Bergamota, de Hsu Chien

As alternâncias de poder entre os participantes do trio (o curta guarda três grandes reviravoltas em quinze minutos) se revelam incongruentes. Parece que interessa ao autor, neste universo LGBTQIA+, apenas o fetiche da sordidez, da pouca confiabilidade. A orientação sexual se associa diretamente ao mau-caráter da trinca de gays, punidos por cederem à tentação carnal com outros homens.

No caso de Travessia (imagem em destaque acima), por trás da imagem nítida e da beleza de lugares, objetos, cores e personagens, resta uma reflexão inócua dos dilemas artísticos e existenciais de um escritor em alto mar. “A gente se preocupa demais em ser o que já é”, “O silêncio diz. A experiência vem do vazio” e outras frases de cunho pseudofilosófico, despejadas a esmo pela trama (ou seja, sem contextualização, nem causa ou consequência) se esgotam de significados. A plasticidade exagerada (a moça se posiciona à beira do barco, com os cabelos caindo cuidadosamente de um lado do rosto, banhada pela luz do sol) remete às propagandas de perfume.
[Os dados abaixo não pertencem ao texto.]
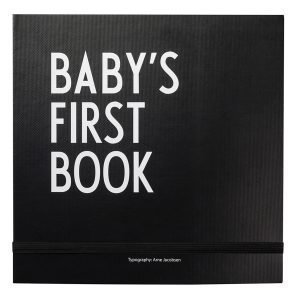 Design Letters Baby's First Book Kirja Musta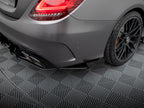 Maxton Design - STREET PRO REAR SIDE SPLITTERS + FLAPS MERCEDES-AMG C63 SEDAN / ESTATE W205 FACELIFT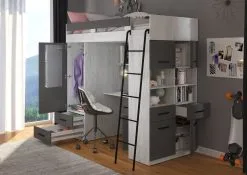 Meblocross Level P, Kerrossänky, 90x200 Cm, Valkoinen/harmaa 11 Meblocross Level P, Kerrossänky, 90x200 Cm, Valkoinen/harmaa -Olohuoneen kalusteet myymälä meblocross level p kerrossanky 90x200 cm valkoinenharmaa 3bd68 osta reference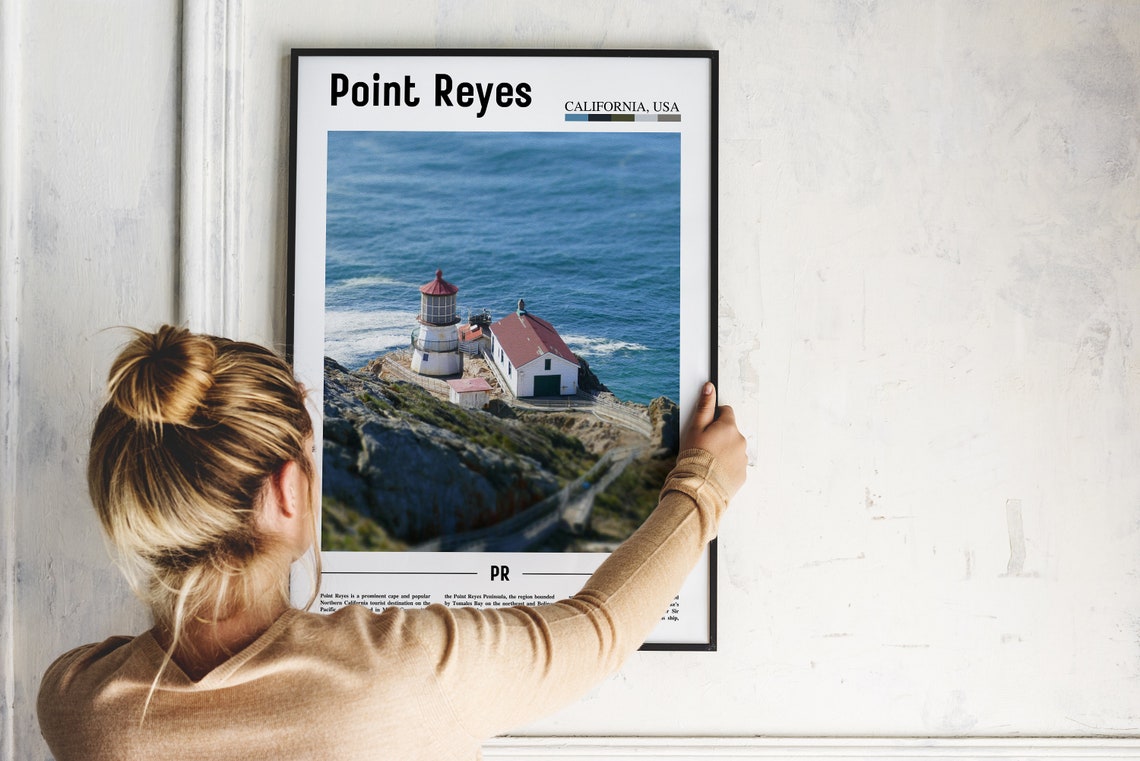 Point Reyes Print Point Reyes Poster Point Reyes Wall Art Minimal Travel Print Minimal City Poster Travel Destination Oil Painting Poster - Image 5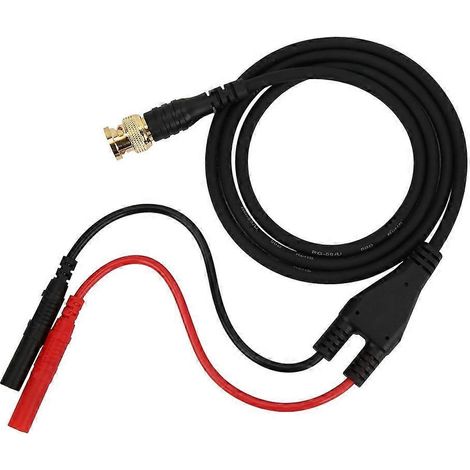 P1065 Vergoldetes, reines Kupfer-BNC-Stecker auf 4 mm sicheren, geraden Bananenstecker-Testkabel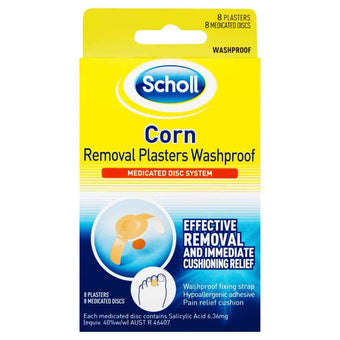 compare product SCHOLL Corn Removal Plaster W/P 8pk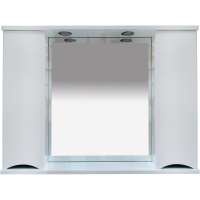 Зеркало со шкафом Misty Элвис 105 П-Элв-01105-011 с подсветкой Белое глянцевое, купить, цена, заказать, магазин, доставка, скидка, промокод, купить, цена, заказать, магазин, доставка, скидка, промокод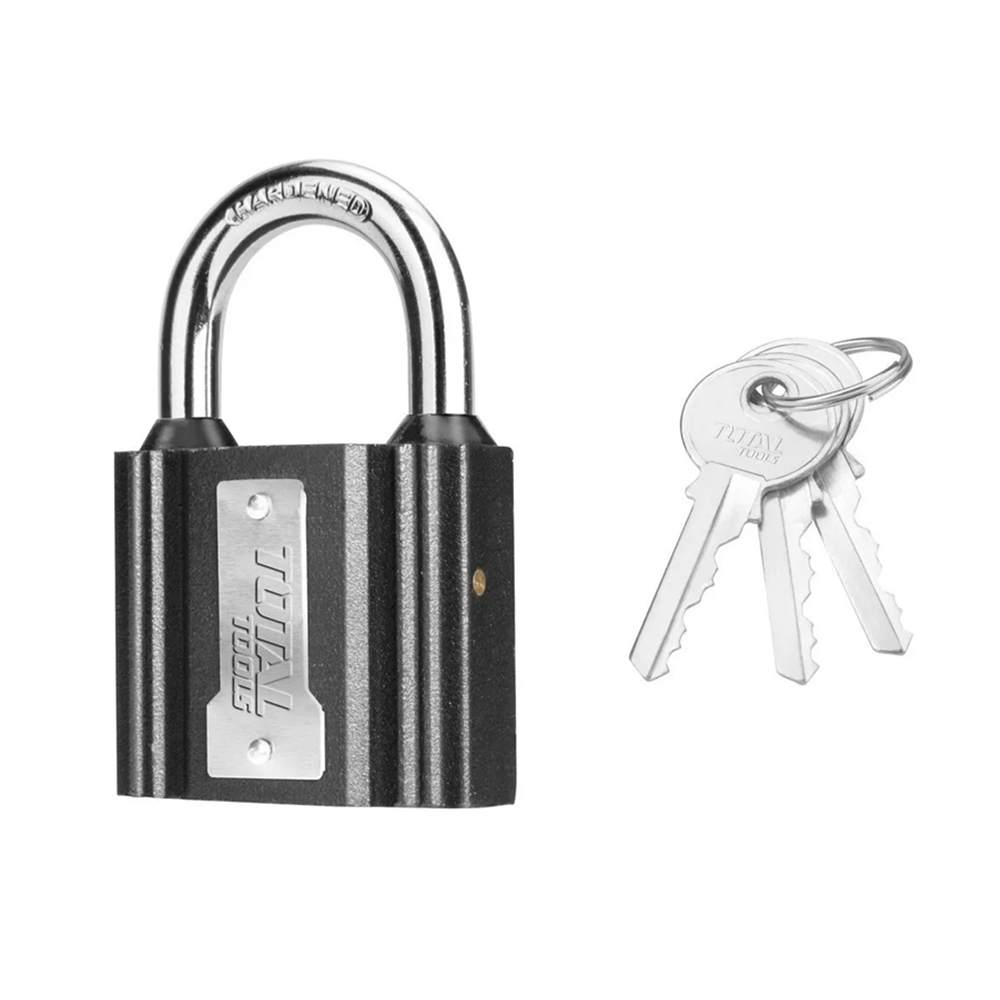 CANDADO DE SEGURIDAD 75 MM CON 3 LLAVES TOTAL TLK31751 - 1
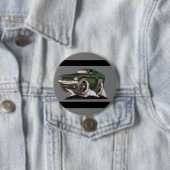 Bullitt Green Mustang Classic Movie Cartoon Car Button (Beispiel)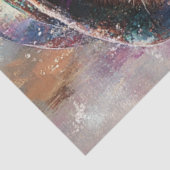 Papier Mousseline Révision du dénouement Whimsical Otter Denim (Détail)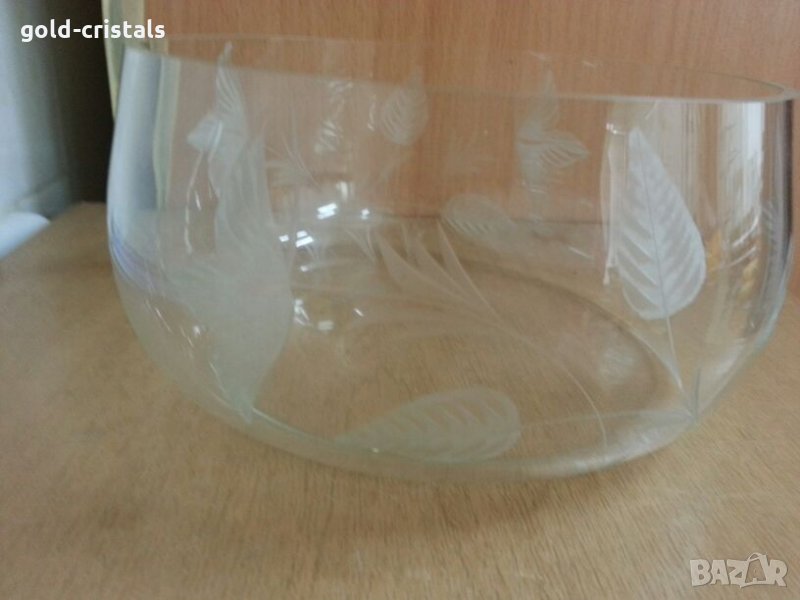 кристална гравирана купа, снимка 1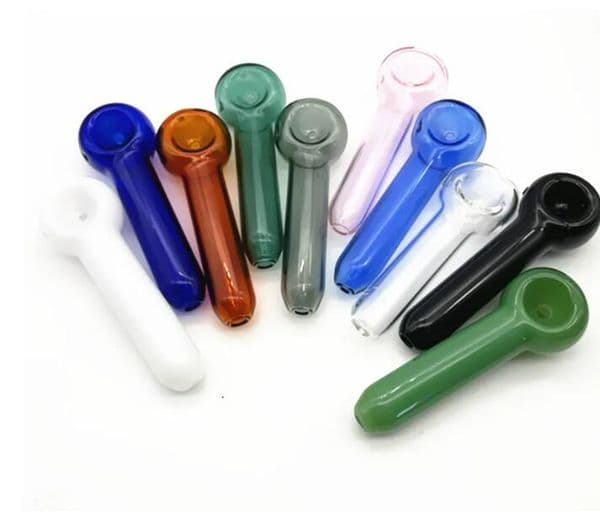 COOK-IES Tobacco Spoon Smoking Glass Oil Mini pipes water bongs hand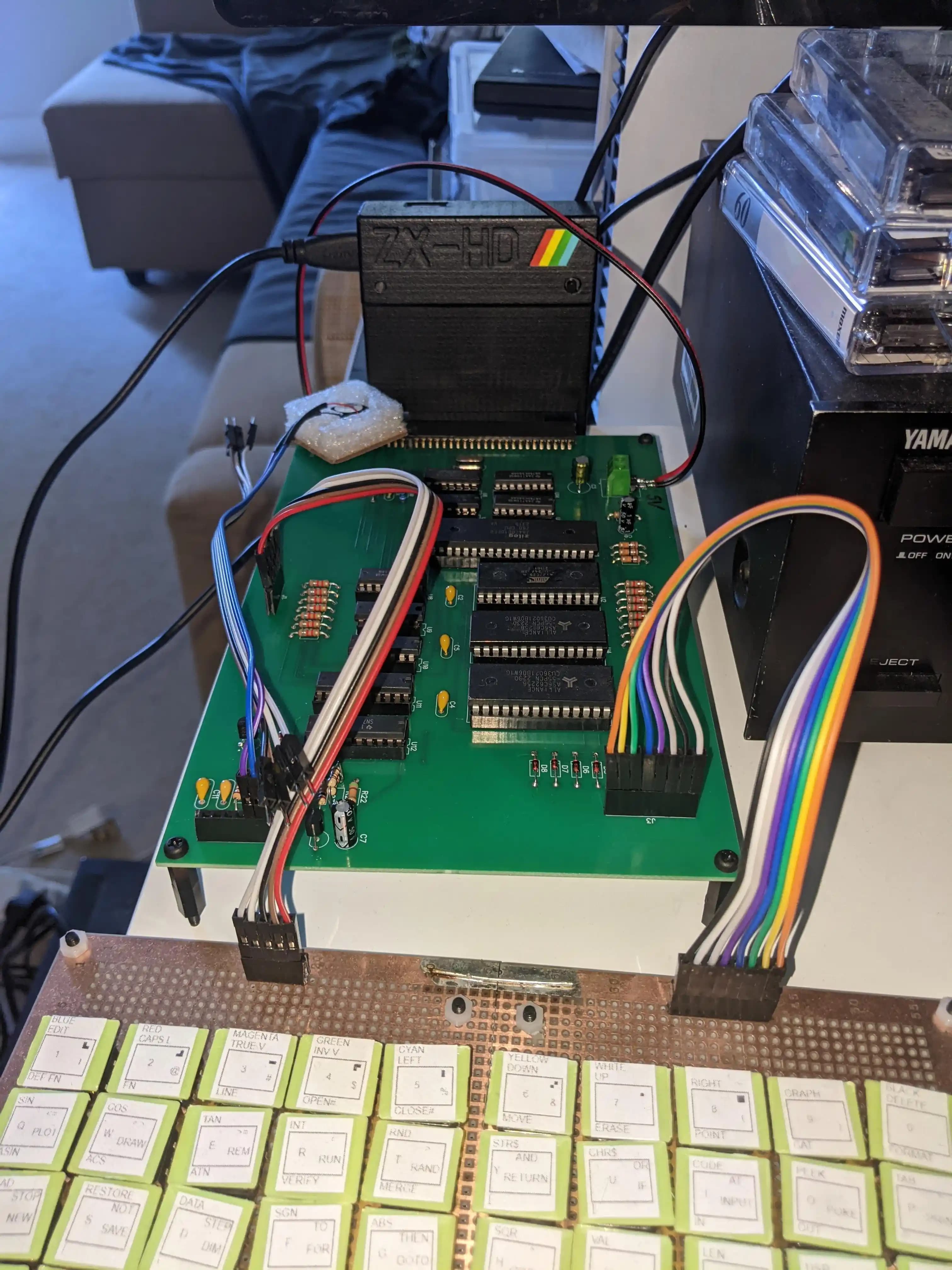 ZX Spectrum 48k Klon Projesi: Modern Donanım ve Yazılım Detaylarıyla Yeniden Tasarım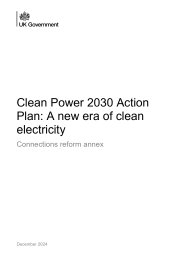 Clean power 2030: a new era of clean electricity. Connections reform annex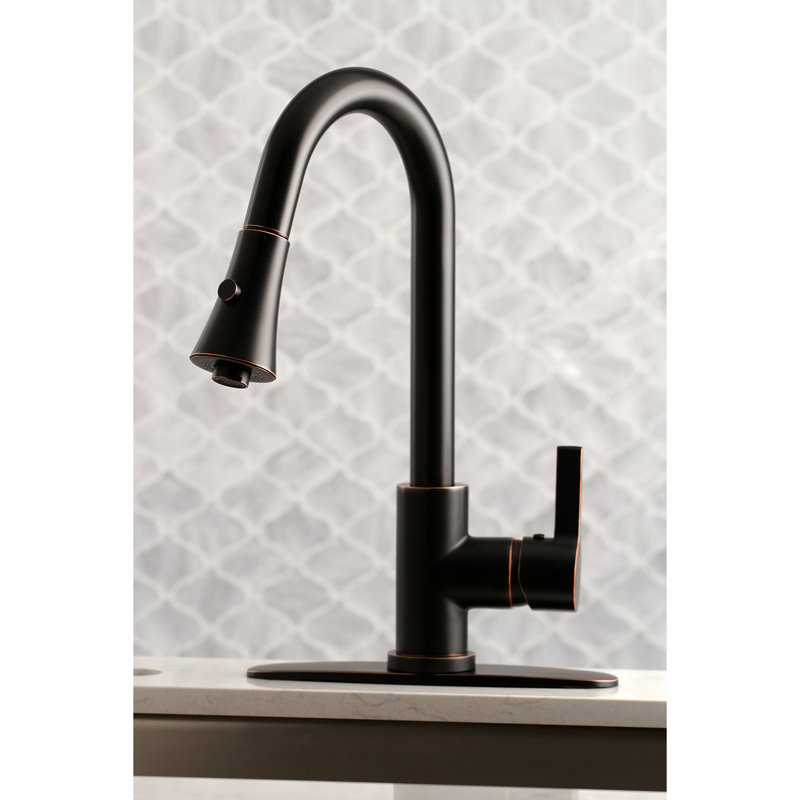Kingston Brass Continental Single-Handle Pull-Down Kitchen Faucet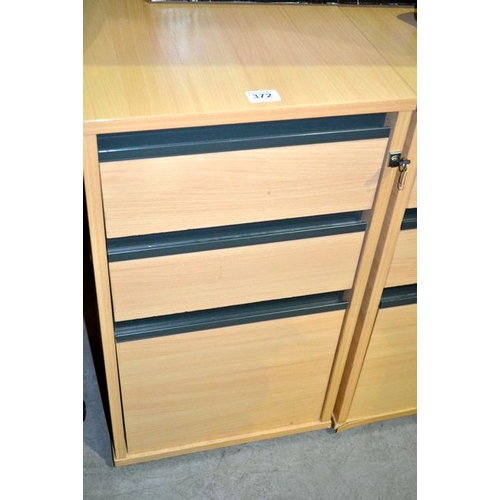 372 - Three Drawer Pedestal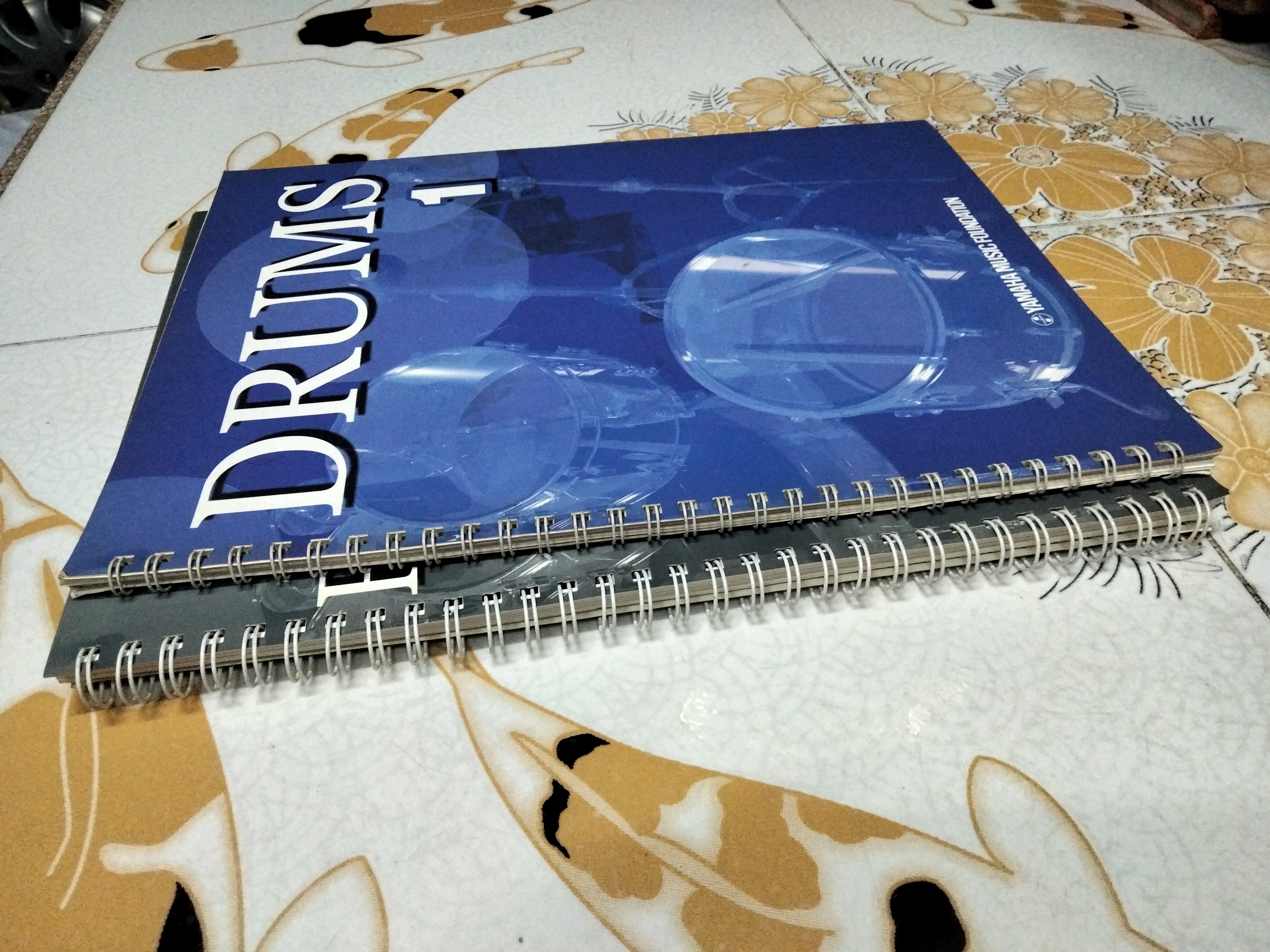 หนังสือเรียนตีกลอง YAMAHA MUSIC FOUNDATION (ขายรวม 2 เล่ม) DRUM FUNDAMENTALS + DRUMS 1 **สินค้าหมด**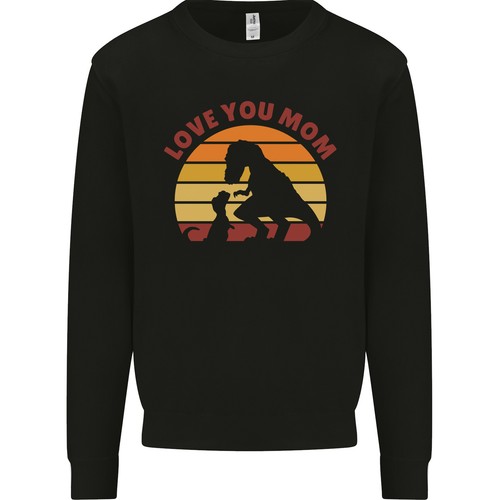 Sweat capuche rex maman - sweat, t-rex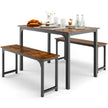 Matbord – med bänkar matsalsset om köksbord för personer + – 2 3 110 x 70 cm 4 – Kaffe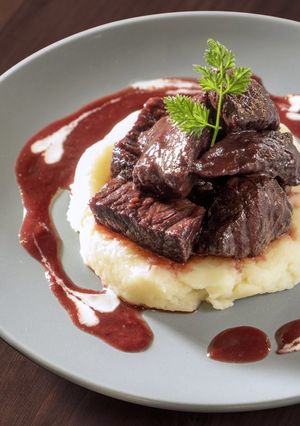 阿波牛のワイン煮込み-レシピのメイン写真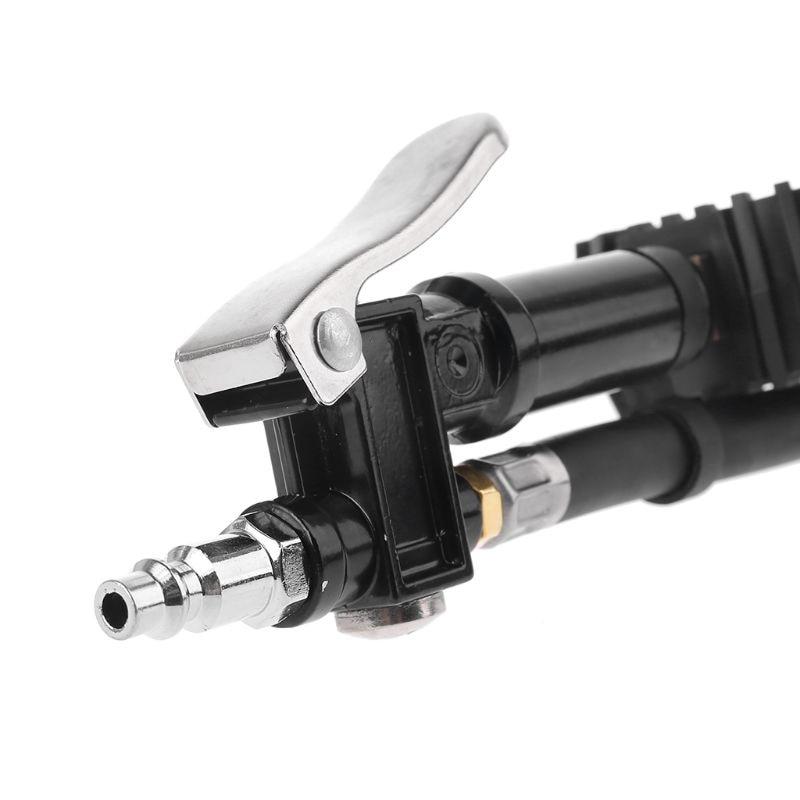 Цифровой насос для накачивания шин с манометром 200 фунтов на квадратный дюйм, воздушный патрон для грузовика/автомобиля/велосипеда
Em compensação, os curtas de baixíssimo orçamento, apesar de evidentes deficiências no som ou na fotografia, se encarregaram dos instantes mais fortes. O documentário Abrição de Portas, de Jaime Guimarães, oferece belas sequências de dança popular em seu retrato de Zé de Moura. Em contrapartida, demonstra a questionável tendência jocosa em sublinhar erros de português e termos populares de seus entrevistados nas legendas.

Flora, a Mãe do Rei, de Geóstenys de Melo Barbosa

Flora, a Mãe do Rei, de Geóstenys de Melo Barbosa, idealiza ao máximo a mãe de Jackson do Pandeiro. A personagem se torna bela, trabalhadora, mãe zelosa, e responsável pela formação musical do menino. Por isso mesmo, uma figura nada realista e desprovida de conflitos: Flora somente desfila qualidades, cena após cena. No entanto, o projeto nos permite descobrir uma atriz de potencial, como Mayara Santos.

O Fest Aruanda selecionou obras de reconhecimento variável em festivais, tendo obtido bastante atenção, ou pequeno apreço por eventos prévios. No entanto, ao posicionar lado a lado os títulos de orçamento confortável e aqueles desprovidos de recursos, revela que as experimentações livres às vezes proporcionam um cinema mais instigante do que os pacotes brilhosos, de pouco conteúdo.